▸ **Problem**: Copy exactly the lines of the records below, and only those lines, beginning with the line that contains "Paul Starks a" and ending with the line that contains "What If Doom Slayer Entered DC".

▸ **Caption-style text data**:
──────────────────────────────

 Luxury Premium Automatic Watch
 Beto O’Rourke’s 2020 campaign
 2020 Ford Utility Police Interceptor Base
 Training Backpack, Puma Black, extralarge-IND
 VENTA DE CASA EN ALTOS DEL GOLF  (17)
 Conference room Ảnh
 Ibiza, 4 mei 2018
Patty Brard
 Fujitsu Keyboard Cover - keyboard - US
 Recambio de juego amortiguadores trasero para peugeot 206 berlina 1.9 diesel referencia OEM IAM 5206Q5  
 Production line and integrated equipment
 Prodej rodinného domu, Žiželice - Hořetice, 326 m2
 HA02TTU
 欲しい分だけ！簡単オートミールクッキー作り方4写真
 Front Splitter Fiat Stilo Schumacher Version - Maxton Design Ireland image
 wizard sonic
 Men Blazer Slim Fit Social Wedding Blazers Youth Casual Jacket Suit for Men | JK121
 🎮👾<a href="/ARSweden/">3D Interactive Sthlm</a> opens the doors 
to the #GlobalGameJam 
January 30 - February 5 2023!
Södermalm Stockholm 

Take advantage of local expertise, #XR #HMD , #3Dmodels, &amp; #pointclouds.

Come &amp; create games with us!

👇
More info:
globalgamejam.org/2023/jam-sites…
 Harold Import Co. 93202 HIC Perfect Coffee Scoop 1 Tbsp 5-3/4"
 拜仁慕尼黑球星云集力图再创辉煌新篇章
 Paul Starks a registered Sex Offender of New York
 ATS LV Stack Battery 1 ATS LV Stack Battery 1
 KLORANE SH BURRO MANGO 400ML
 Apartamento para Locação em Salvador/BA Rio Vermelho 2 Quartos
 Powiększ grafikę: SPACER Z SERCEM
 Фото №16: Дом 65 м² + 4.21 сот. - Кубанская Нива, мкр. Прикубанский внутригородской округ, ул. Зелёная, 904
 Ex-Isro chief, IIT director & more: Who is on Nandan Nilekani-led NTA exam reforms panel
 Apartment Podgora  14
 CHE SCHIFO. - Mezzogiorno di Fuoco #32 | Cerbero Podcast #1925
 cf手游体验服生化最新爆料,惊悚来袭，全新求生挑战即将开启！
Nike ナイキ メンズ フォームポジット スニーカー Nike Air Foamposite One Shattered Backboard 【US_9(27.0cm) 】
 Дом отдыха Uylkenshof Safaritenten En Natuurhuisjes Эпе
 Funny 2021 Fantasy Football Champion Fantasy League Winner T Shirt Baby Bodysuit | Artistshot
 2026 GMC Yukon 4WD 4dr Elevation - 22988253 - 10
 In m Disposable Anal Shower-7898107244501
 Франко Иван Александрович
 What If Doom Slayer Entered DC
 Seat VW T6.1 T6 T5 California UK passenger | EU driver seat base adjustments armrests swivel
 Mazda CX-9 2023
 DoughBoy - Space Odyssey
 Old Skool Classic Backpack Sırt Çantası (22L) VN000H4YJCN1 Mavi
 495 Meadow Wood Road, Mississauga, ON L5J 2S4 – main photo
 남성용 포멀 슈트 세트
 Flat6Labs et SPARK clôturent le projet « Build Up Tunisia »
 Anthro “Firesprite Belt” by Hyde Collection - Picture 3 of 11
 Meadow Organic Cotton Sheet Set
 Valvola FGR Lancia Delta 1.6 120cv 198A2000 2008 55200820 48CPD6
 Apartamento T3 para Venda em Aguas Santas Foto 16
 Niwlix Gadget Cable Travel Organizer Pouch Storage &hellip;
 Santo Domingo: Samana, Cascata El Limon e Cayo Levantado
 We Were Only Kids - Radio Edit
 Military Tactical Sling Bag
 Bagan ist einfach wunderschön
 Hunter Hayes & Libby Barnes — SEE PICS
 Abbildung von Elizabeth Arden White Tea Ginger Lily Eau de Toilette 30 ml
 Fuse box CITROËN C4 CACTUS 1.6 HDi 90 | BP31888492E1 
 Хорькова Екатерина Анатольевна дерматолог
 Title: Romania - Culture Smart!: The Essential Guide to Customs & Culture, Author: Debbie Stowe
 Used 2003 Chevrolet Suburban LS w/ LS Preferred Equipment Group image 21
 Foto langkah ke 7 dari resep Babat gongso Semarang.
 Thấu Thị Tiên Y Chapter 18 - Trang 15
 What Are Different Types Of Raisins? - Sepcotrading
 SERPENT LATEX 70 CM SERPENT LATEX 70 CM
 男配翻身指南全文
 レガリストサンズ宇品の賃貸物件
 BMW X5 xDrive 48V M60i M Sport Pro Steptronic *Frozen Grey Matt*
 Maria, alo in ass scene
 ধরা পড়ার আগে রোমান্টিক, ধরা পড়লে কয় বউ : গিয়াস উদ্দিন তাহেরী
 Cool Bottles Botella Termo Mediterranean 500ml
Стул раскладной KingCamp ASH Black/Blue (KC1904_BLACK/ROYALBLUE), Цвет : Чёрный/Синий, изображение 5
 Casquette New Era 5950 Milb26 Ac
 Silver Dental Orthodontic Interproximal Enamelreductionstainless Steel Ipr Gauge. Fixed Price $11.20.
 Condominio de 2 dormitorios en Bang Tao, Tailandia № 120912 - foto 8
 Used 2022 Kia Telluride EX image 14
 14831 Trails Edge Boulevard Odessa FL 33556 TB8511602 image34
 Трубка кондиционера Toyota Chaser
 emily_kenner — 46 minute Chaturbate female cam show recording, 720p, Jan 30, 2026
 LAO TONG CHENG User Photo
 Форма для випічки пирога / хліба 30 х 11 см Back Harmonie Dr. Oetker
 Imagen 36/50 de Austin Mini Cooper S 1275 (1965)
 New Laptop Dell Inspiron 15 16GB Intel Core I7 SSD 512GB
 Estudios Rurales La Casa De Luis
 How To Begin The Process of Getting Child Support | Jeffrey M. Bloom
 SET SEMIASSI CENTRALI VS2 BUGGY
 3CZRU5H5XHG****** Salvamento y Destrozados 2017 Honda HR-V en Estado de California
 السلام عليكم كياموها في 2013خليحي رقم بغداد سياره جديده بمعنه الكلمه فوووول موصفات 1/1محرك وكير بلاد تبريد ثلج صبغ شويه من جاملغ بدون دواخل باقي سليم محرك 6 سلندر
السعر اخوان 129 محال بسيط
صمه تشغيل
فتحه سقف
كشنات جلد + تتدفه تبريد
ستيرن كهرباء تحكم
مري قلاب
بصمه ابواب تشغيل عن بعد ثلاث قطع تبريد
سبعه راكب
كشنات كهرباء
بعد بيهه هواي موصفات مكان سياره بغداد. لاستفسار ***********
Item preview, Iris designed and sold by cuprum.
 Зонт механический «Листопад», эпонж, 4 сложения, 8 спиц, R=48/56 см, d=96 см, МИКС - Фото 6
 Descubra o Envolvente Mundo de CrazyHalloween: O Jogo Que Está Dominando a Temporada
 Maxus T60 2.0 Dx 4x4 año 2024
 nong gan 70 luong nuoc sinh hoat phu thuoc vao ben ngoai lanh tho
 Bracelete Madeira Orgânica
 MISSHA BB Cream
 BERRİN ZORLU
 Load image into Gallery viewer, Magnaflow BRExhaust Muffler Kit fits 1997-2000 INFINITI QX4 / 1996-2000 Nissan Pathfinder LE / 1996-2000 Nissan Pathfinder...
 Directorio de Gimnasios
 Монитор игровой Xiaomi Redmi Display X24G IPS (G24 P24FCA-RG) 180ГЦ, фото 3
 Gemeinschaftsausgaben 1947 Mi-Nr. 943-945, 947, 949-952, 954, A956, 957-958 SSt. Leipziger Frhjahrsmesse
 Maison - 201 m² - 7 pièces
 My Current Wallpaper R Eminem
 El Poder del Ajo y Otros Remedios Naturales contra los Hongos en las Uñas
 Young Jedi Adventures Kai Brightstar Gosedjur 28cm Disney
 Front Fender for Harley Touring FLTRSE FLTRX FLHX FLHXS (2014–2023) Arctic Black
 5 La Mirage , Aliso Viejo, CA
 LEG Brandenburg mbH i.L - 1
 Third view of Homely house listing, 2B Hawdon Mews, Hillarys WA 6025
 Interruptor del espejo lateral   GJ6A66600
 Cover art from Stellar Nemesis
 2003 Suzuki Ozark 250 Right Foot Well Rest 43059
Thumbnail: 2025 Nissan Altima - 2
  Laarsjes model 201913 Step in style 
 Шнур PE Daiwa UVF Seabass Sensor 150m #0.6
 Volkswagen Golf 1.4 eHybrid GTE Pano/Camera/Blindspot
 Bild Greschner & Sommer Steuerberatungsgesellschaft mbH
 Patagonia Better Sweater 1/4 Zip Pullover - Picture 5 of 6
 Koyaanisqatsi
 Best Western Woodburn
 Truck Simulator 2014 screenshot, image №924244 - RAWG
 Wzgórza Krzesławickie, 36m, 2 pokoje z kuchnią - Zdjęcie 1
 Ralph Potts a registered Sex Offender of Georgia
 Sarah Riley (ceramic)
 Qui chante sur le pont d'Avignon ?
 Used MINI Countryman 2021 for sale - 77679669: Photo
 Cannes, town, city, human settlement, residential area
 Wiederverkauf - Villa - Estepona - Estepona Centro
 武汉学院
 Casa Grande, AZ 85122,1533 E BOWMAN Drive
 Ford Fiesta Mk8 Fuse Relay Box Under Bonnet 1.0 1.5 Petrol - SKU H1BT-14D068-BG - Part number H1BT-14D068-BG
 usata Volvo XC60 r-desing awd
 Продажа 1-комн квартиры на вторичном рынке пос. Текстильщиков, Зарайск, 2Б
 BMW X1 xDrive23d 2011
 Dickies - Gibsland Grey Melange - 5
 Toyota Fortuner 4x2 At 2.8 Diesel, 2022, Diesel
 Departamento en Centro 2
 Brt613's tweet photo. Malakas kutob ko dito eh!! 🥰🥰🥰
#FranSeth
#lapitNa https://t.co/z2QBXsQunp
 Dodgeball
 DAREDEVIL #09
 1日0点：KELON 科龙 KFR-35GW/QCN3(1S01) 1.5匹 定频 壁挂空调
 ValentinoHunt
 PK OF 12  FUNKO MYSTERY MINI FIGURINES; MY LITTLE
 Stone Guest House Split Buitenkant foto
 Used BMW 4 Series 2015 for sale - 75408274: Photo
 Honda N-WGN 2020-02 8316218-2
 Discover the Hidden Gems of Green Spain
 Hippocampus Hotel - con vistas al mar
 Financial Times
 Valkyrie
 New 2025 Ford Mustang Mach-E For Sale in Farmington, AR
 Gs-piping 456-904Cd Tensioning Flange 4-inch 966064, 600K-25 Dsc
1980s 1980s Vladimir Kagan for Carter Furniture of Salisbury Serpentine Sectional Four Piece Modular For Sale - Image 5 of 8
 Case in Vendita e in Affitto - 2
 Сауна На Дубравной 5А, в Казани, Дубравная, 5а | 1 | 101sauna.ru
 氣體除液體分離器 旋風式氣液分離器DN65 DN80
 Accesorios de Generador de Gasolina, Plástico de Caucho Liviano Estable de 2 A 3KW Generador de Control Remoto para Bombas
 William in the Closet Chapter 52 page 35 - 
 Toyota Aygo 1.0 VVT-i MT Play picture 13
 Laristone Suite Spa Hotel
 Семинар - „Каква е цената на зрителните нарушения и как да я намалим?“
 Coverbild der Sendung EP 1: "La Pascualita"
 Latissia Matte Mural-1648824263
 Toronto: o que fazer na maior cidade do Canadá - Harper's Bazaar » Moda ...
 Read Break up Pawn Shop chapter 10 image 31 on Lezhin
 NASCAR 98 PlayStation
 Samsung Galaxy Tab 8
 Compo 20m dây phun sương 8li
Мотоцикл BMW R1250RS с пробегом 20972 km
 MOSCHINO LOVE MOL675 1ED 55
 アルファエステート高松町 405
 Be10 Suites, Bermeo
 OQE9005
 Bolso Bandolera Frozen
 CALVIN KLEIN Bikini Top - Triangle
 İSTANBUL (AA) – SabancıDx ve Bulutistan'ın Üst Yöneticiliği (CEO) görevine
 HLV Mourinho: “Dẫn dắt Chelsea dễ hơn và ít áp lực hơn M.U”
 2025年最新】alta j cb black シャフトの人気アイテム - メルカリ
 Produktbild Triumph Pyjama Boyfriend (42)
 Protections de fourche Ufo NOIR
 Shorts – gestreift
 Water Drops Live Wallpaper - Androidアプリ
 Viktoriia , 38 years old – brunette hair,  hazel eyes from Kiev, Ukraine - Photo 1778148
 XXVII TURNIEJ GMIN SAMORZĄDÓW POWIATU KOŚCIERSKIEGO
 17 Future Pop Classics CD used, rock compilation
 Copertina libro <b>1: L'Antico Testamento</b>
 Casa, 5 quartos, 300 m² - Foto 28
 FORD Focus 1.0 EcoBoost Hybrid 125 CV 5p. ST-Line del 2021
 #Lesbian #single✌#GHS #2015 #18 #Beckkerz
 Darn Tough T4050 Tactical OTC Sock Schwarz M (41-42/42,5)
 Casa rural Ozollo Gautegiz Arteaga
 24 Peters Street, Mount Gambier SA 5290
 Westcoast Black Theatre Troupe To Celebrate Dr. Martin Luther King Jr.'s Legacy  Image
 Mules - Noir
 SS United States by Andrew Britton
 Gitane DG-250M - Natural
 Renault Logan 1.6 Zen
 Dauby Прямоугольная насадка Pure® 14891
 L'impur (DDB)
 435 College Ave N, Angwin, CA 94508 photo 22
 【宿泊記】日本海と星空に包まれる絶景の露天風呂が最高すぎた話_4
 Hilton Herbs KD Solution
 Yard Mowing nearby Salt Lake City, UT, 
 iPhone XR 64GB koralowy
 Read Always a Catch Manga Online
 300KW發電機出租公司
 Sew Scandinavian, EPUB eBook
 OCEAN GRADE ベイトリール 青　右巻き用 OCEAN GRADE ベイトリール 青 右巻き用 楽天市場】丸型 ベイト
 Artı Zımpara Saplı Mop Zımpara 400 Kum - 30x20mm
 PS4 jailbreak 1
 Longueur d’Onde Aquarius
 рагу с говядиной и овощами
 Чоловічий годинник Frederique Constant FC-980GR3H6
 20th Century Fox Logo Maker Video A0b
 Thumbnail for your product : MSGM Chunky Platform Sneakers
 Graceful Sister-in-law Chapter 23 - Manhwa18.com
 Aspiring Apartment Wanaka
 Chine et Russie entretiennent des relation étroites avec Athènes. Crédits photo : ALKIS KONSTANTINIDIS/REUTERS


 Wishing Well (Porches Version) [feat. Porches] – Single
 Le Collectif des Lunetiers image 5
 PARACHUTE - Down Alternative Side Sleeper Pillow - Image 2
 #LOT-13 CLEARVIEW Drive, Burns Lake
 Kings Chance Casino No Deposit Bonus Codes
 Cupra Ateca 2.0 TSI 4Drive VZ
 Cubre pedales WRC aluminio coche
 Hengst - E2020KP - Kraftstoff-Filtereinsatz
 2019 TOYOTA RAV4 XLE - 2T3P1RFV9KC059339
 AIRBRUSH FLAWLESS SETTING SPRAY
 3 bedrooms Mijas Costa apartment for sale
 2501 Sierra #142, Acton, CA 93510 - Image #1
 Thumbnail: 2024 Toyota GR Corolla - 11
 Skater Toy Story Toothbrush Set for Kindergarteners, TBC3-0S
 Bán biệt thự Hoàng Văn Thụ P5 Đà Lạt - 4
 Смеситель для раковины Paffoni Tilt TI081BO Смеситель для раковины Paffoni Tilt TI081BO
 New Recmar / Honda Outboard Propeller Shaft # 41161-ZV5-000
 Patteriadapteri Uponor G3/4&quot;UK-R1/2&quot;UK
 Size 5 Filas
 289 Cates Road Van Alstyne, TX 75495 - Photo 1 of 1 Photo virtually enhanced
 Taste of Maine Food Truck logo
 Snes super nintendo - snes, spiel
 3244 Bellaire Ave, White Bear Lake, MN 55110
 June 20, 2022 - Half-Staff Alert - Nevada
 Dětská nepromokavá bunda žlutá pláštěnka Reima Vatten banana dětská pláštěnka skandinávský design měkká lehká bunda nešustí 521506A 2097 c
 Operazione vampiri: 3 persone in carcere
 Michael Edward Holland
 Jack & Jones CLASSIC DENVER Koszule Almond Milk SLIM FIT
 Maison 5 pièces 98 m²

──────────────────────────────

▸ **Final answer**:
 Paul Starks a registered Sex Offender of New York
 ATS LV Stack Battery 1 ATS LV Stack Battery 1
 KLORANE SH BURRO MANGO 400ML
 Apartamento para Locação em Salvador/BA Rio Vermelho 2 Quartos
 Powiększ grafikę: SPACER Z SERCEM
 Фото №16: Дом 65 м² + 4.21 сот. - Кубанская Нива, мкр. Прикубанский внутригородской округ, ул. Зелёная, 904
 Ex-Isro chief, IIT director & more: Who is on Nandan Nilekani-led NTA exam reforms panel
 Apartment Podgora  14
 CHE SCHIFO. - Mezzogiorno di Fuoco #32 | Cerbero Podcast #1925
 cf手游体验服生化最新爆料,惊悚来袭，全新求生挑战即将开启！
Nike ナイキ メンズ フォームポジット スニーカー Nike Air Foamposite One Shattered Backboard 【US_9(27.0cm) 】
 Дом отдыха Uylkenshof Safaritenten En Natuurhuisjes Эпе
 Funny 2021 Fantasy Football Champion Fantasy League Winner T Shirt Baby Bodysuit | Artistshot
 2026 GMC Yukon 4WD 4dr Elevation - 22988253 - 10
 In m Disposable Anal Shower-7898107244501
 Франко Иван Александрович
 What If Doom Slayer Entered DC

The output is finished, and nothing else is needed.